Interpreting the state's long-arm statute, which allows courts in New York to have jurisdiction over out-of-state defendants, the court ruled that the defendants, the American Working Collie Association and its president Jean Levitt, had not engaged in such "purposeful activities" in New York to subject them to that state's jurisdiction.
Martin McGuinness, who represents the plaintiff in the case, believes that the court did not give sufficient weight to the AWCA's actions in New York. He says that Levitt offered the assistance of the organization for a period of several months, and AWCA volunteers spent a number of weekends working with the dogs.
Jonathan Bernstein, who represents the AWCA, did not reply to an email request for comment.
In October 2007, more than 20 mistreated dogs — collies and dachshunds — were placed with the Society for the Prevention of Cruelty to Animals of Upstate New York following their rescue from a residence in New York, according to the opinion. Levitt, while in Vermont, contacted the SPCA to offer her organization's assistance with the dogs. The AWCA sent a $1,000 donation to the New York animal rescue group, the court wrote.
Levitt again called the SPCA to inform them that the AWCA had purchased collars and leashes for the dogs. She delivered them in November 2007, taking a brief tour of the facility and making a personal donation to help pay for veterinary care of the dogs. Levitt called the SPCA a final time later that month, discussing care of one of the dogs, and visited once more in January 2008, for about an hour and a half, to check up on the dogs, according to the opinion.
That month, Levitt wrote about the conditions and treatment of the collies for the AWCA's website.
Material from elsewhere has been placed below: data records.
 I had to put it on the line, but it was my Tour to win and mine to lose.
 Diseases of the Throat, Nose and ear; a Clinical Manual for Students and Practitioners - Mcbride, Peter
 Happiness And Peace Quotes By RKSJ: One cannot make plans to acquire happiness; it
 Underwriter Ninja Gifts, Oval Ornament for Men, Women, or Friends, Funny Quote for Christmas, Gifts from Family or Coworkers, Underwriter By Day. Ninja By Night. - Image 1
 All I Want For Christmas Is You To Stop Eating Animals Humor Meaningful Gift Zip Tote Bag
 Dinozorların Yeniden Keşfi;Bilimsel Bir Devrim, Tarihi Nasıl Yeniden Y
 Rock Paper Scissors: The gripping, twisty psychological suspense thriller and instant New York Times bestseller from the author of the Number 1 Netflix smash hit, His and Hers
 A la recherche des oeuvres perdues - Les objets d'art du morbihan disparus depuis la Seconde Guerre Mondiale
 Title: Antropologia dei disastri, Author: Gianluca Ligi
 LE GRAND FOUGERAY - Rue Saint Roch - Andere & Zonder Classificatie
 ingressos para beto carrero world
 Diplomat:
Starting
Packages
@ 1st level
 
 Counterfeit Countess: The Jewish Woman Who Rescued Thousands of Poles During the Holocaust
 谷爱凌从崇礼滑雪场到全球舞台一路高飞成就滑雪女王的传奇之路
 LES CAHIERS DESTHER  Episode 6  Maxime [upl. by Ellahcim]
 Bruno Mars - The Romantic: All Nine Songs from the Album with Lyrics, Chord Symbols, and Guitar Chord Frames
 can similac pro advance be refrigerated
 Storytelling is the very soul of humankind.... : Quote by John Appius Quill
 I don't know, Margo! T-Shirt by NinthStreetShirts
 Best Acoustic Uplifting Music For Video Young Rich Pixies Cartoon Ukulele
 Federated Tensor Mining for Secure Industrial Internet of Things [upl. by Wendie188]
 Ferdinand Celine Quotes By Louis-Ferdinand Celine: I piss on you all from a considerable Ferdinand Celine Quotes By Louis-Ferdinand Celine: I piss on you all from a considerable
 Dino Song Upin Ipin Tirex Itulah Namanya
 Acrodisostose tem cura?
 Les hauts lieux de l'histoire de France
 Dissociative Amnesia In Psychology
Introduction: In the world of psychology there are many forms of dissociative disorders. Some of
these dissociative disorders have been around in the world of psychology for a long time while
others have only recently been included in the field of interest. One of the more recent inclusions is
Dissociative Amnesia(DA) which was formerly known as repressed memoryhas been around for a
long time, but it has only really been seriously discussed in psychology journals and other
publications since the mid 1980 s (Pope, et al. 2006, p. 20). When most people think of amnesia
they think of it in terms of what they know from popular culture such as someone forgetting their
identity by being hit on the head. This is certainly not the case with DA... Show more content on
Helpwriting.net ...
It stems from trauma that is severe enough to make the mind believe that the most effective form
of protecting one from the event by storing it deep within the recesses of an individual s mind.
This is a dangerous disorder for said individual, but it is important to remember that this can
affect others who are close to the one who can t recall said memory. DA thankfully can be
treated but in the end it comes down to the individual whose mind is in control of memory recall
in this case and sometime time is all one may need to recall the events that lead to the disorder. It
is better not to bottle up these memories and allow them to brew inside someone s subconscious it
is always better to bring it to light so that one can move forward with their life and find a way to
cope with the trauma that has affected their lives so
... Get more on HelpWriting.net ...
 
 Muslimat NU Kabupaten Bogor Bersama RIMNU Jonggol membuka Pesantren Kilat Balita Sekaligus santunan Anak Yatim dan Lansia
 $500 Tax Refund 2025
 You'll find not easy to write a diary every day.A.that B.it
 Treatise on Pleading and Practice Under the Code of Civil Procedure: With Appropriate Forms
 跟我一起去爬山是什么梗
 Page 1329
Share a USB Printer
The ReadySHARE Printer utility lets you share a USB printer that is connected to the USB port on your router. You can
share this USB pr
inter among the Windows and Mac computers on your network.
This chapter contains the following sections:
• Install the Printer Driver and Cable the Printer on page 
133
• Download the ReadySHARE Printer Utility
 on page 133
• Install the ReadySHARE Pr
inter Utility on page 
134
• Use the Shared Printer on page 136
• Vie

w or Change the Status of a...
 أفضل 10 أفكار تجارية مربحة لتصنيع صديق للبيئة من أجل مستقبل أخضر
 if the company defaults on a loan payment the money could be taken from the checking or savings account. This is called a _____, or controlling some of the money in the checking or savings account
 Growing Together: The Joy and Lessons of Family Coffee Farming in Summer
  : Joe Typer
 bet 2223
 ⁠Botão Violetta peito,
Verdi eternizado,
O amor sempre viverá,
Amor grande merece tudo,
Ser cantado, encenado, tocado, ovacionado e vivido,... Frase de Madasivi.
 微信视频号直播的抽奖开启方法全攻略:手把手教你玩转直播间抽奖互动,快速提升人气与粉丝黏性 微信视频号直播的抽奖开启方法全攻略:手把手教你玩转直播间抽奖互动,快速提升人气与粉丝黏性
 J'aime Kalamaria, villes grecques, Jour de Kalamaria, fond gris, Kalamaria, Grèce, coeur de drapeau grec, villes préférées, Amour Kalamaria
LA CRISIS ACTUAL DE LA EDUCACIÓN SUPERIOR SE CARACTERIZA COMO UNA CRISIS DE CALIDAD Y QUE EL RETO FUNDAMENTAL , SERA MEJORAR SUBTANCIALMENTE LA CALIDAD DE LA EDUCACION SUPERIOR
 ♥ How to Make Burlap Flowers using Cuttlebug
Those postings, which McGuinness said stated falsely that the dogs were living in unsanitary conditions, were given insufficient exercise, and were generally mistreated, were the basis of the SPCA's defamation action filed in 2009.
Under New York law, an out-of-state defendant can normally be sued in New York if they committed a tort outside the state that caused injury in the state. However, the court wrote, there is an express exception for defamation causes of action in order to "prevent disproportionate restrictions on freedom of expression."
Importantly, that exception does not protect a defendant who has engaged in "purposeful activities" within New York that create "some articulable nexus between the business transacted and the cause of action sued upon," according to the opinion.
McGuinness believes that the court carried over the defamation exception present under one part of the statute to the provision he and his client asserted for jurisdiction, which does not have a defamation exception.
The court found that the cash and leash donations, three phone calls and two visits by Levitt — visits "totaling less than three hours" — were insufficient contacts to subject her to New York jurisdiction.
Judge Eugene Pigott dissented, arguing that there was a "substantial relationship" between Levitt's actions in the state and the cause of action, thus satisfying the statute.
The SPCA could refile the case in Vermont. They are considering their options moving forward, McGuinness said.